Ela se expressou nestes termos durante a 158ª reunião do Conselho Executivo da OMS, que se realiza até este sábado em Genebra (Suíça). Em sua intervenção, García parabenizou a OMS pelas medidas adotadas diante da crise de financiamento e pediu que se avançasse nas reformas internas para reforçar sua governança. “A Espanha considera imprescindível avançar em uma reflexão estratégica sobre a arquitetura da saúde global, que preserve e fortaleça sua vertente multilateral e a torne mais eficaz para enfrentar os grandes desafios globais”, destacou.
Nesse ponto, ela fez referência à Iniciativa de Ação para a Saúde Global impulsionada pela Espanha em julho passado durante a 4ª Conferência Internacional sobre Financiamento para o Desenvolvimento das Nações Unidas, realizada em Sevilha. “Aspiramos a esforços mais amplos para dar o impulso político necessário aos processos de reforma”, afirmou a ministra da Saúde.
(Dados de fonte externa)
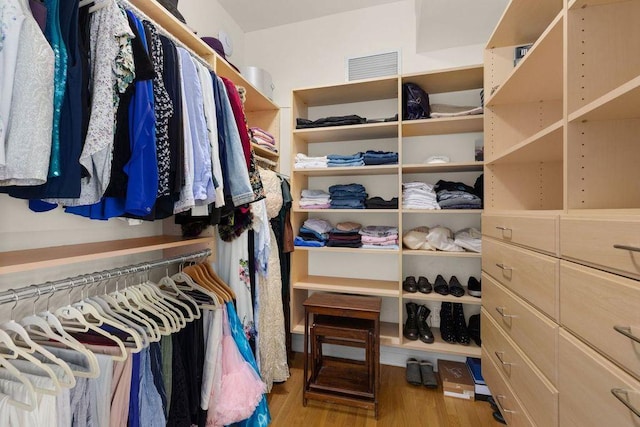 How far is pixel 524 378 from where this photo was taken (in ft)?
3.38

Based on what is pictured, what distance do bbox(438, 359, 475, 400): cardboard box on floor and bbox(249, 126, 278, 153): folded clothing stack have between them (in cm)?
205

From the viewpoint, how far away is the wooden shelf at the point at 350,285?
196 centimetres

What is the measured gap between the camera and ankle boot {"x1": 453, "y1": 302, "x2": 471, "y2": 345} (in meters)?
1.86

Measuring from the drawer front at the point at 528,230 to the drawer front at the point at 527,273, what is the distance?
0.10ft

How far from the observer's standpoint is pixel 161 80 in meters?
0.90

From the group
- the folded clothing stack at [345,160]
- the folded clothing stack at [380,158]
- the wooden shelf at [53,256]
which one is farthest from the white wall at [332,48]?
the wooden shelf at [53,256]

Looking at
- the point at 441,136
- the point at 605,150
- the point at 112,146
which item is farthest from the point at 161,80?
the point at 441,136

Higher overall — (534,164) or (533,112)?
(533,112)

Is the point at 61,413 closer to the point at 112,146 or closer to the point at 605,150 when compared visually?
the point at 112,146

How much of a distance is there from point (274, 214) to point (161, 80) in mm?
1042

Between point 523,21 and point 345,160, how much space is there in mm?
1212

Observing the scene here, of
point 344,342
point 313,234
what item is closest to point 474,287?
point 344,342

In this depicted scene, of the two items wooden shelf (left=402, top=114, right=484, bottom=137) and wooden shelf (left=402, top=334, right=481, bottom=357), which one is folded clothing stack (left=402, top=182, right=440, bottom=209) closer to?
wooden shelf (left=402, top=114, right=484, bottom=137)

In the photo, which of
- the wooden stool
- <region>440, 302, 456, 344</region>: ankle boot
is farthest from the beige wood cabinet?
the wooden stool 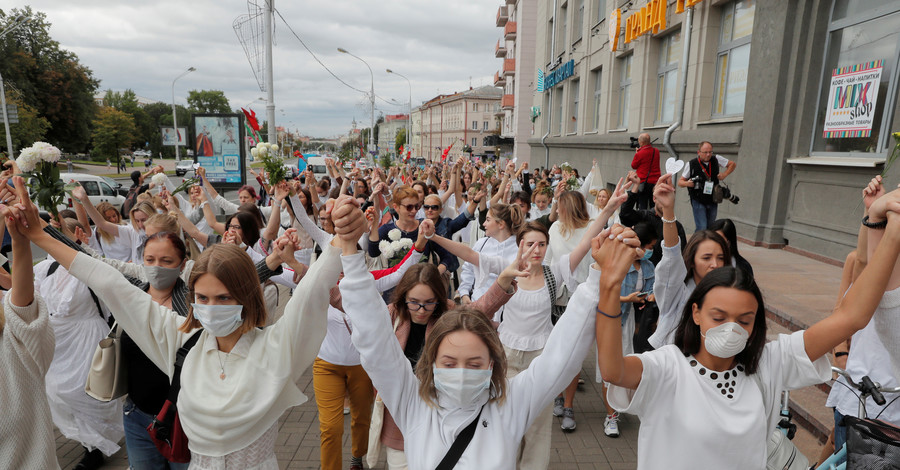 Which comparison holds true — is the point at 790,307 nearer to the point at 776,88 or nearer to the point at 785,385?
the point at 785,385

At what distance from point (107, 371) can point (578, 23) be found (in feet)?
75.2

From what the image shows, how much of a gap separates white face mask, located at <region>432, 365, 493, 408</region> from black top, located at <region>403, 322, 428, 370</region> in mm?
1015

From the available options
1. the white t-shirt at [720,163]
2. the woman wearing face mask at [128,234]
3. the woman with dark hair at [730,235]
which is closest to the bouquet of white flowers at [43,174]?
the woman wearing face mask at [128,234]

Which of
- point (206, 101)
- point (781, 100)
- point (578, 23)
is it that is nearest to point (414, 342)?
point (781, 100)

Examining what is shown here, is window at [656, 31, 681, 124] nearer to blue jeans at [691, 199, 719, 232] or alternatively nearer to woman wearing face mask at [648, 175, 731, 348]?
blue jeans at [691, 199, 719, 232]

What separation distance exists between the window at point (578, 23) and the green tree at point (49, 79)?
36.6 meters

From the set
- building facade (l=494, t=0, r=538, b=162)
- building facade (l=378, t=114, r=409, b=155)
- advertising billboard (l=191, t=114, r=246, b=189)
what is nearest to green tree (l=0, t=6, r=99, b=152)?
advertising billboard (l=191, t=114, r=246, b=189)

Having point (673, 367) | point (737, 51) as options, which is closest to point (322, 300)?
point (673, 367)

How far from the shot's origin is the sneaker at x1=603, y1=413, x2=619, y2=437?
13.7 ft

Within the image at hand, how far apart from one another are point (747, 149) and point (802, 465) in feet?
27.1

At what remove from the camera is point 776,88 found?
808 cm

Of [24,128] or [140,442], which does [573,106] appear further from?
[24,128]

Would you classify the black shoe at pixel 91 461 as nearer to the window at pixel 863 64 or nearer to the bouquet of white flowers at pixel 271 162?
the bouquet of white flowers at pixel 271 162

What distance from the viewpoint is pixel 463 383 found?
1.81 metres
“Do nosso ponto de vista, é fundamental avançar para um financiamento sustentável e previsível, com a Organização Mundial da Saúde desempenhando um papel central que permita coordenar todos os atores sob regras comuns e fortalecer os sistemas de saúde baseados na atenção primária e no acesso universal”, sublinhou.
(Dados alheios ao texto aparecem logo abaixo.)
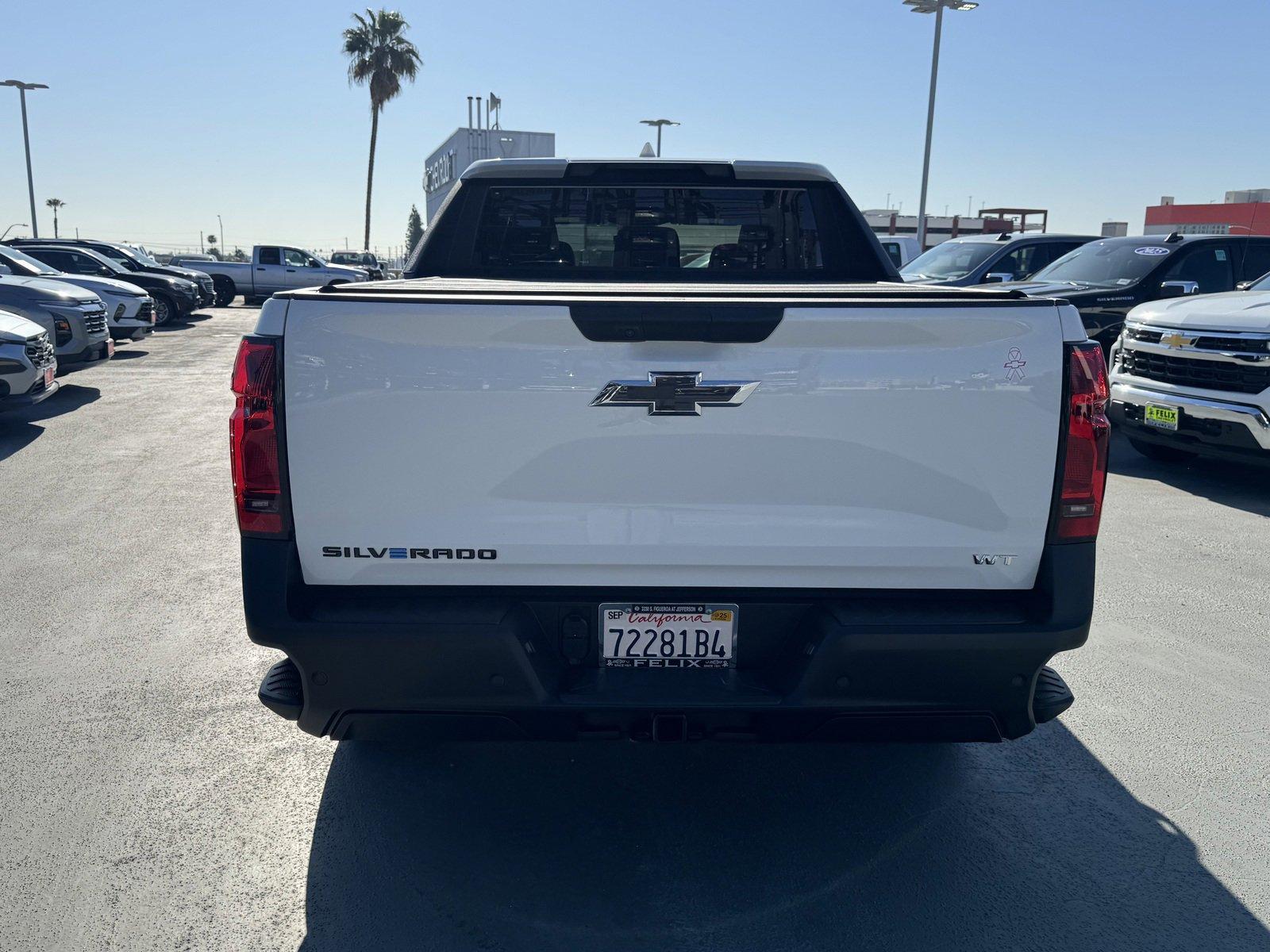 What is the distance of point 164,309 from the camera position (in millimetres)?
21766

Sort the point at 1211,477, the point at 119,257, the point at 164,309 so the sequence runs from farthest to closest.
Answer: the point at 119,257
the point at 164,309
the point at 1211,477

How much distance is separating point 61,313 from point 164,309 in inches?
413

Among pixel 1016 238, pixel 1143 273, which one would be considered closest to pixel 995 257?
pixel 1016 238

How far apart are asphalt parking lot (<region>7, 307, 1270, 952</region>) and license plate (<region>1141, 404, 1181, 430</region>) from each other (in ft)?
10.3

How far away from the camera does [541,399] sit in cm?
246

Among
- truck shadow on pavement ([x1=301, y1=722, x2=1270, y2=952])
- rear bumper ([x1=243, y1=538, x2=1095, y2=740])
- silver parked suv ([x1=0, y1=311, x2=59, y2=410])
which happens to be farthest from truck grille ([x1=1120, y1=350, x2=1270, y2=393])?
silver parked suv ([x1=0, y1=311, x2=59, y2=410])

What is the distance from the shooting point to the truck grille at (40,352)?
9523 millimetres

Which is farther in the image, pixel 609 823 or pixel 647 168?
pixel 647 168

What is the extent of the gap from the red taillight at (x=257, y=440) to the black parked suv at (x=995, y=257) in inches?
480

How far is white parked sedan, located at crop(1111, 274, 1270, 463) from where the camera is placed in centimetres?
726

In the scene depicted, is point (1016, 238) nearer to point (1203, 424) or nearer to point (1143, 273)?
point (1143, 273)

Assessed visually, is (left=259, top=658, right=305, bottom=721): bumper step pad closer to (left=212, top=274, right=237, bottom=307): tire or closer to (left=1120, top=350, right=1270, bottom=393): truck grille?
(left=1120, top=350, right=1270, bottom=393): truck grille

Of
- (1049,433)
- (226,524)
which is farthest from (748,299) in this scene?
(226,524)

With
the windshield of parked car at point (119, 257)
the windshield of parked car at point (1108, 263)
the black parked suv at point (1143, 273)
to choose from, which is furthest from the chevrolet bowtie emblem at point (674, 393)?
the windshield of parked car at point (119, 257) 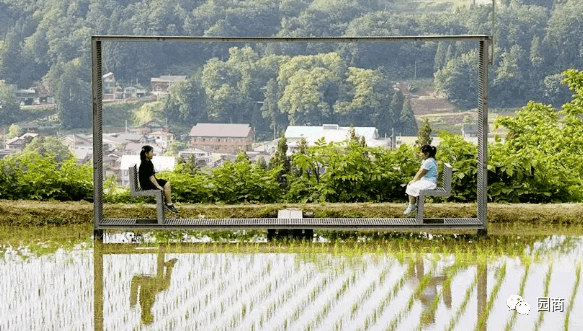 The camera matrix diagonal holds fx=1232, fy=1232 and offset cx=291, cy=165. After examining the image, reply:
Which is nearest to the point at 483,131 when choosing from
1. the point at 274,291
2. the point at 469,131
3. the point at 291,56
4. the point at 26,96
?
the point at 274,291

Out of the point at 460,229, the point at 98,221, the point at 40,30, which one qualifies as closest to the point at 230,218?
the point at 98,221

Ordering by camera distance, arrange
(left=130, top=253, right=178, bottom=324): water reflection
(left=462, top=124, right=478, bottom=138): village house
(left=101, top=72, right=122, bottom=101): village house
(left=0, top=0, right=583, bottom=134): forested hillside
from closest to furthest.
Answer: (left=130, top=253, right=178, bottom=324): water reflection < (left=462, top=124, right=478, bottom=138): village house < (left=0, top=0, right=583, bottom=134): forested hillside < (left=101, top=72, right=122, bottom=101): village house

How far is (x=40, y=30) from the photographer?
50250mm

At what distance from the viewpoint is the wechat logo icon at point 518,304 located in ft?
34.6

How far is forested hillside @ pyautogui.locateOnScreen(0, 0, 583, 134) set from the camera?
21969 mm

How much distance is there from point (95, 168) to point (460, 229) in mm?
4606

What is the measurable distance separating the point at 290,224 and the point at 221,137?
5.72 meters

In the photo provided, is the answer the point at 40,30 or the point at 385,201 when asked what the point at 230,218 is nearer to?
the point at 385,201

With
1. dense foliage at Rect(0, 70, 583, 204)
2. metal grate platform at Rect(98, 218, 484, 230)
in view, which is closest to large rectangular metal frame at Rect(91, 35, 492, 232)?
metal grate platform at Rect(98, 218, 484, 230)

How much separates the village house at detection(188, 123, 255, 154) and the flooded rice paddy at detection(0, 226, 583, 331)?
4.48 meters

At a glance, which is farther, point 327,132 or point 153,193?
point 327,132

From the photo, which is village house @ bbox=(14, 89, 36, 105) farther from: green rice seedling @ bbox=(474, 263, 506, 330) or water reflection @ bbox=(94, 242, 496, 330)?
green rice seedling @ bbox=(474, 263, 506, 330)

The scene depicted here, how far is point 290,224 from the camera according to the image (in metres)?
14.8

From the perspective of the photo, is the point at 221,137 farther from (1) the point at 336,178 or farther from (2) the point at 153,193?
(2) the point at 153,193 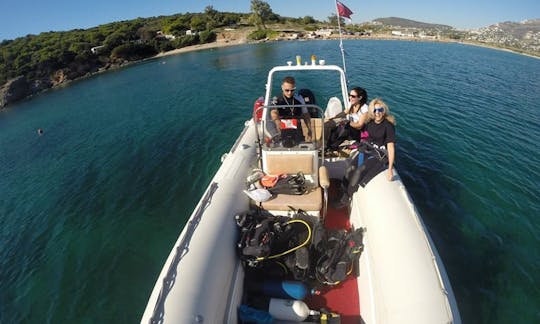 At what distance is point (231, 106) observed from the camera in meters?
14.2

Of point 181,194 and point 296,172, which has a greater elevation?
point 296,172

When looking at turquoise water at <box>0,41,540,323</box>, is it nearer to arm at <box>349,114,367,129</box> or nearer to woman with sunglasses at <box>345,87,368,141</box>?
woman with sunglasses at <box>345,87,368,141</box>

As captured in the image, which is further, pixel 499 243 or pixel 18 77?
pixel 18 77

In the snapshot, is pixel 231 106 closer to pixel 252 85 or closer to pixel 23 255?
pixel 252 85

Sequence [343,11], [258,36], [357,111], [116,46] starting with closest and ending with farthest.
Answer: [357,111], [343,11], [116,46], [258,36]

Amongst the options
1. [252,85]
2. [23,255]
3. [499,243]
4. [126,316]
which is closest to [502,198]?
[499,243]

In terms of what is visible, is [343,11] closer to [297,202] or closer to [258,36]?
[297,202]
Além disso, reiterou o apoio da Espanha nas negociações sobre o sistema de acesso a patógenos e participação nos benefícios (PABS, na sigla em inglês), um elemento fundamental do Acordo sobre Pandemias, que se espera que entre em vigor após a próxima Assembleia Mundial da Saúde. GAZA E ESTADOS UNIDOS
Por outro lado, expressou sua “preocupação” com a situação em Gaza e afirmou que a OMS “não pode ignorar” a privação do direito fundamental à saúde de mais de dois milhões de pessoas. “Desde outubro de 2025, centenas de mortes e milhares de feridos foram confirmados”, acrescentou.
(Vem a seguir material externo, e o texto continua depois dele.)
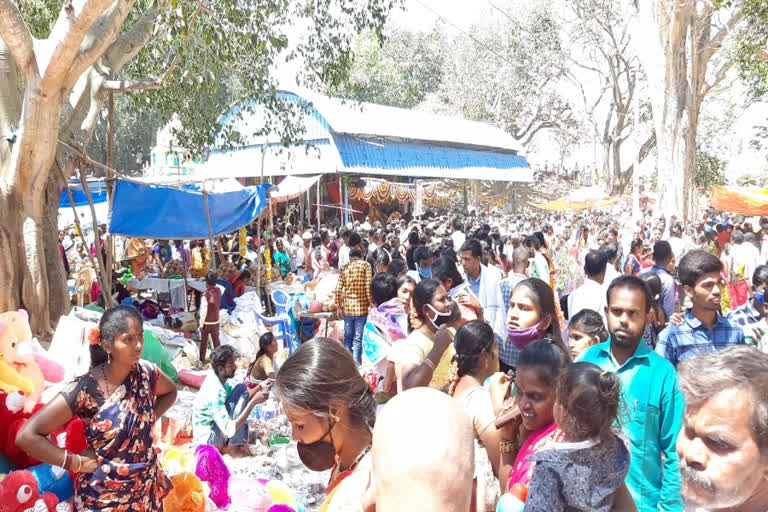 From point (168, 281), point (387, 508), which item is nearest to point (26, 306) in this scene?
point (168, 281)

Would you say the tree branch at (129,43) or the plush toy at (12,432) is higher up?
the tree branch at (129,43)

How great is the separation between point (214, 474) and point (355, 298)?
3.22 metres

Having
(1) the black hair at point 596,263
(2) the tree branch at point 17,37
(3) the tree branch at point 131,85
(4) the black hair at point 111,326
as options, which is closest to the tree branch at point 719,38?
(1) the black hair at point 596,263

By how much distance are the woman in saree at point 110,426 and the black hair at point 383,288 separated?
3.02m

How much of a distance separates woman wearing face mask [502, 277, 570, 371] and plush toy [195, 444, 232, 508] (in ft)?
6.93

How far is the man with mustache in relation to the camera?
1.33m

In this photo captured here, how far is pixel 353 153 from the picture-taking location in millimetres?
21359

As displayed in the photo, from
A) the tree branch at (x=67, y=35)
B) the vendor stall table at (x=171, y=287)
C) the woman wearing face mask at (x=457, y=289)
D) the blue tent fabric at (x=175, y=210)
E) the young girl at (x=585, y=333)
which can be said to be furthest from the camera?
the vendor stall table at (x=171, y=287)

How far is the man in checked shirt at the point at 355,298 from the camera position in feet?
22.8

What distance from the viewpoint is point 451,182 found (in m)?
30.1

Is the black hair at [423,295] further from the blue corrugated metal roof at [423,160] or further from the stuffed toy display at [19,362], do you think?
the blue corrugated metal roof at [423,160]

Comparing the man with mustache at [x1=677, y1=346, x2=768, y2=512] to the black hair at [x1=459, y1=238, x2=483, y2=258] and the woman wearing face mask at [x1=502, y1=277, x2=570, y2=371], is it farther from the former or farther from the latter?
the black hair at [x1=459, y1=238, x2=483, y2=258]

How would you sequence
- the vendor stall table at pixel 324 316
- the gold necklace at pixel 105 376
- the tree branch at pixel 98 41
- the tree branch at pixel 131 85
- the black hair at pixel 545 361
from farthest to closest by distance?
the vendor stall table at pixel 324 316, the tree branch at pixel 131 85, the tree branch at pixel 98 41, the gold necklace at pixel 105 376, the black hair at pixel 545 361

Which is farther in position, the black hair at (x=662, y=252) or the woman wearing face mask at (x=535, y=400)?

Além disso, alertou sobre as “políticas de controle migratório que geram medo em comunidades inteiras”, em referência às políticas implementadas pelo governo de Donald Trump nos Estados Unidos. “Elas dissuadem milhares de pessoas de acessar os serviços de saúde, com graves consequências para a saúde pública e os direitos humanos que também não podemos permitir”, afirmou.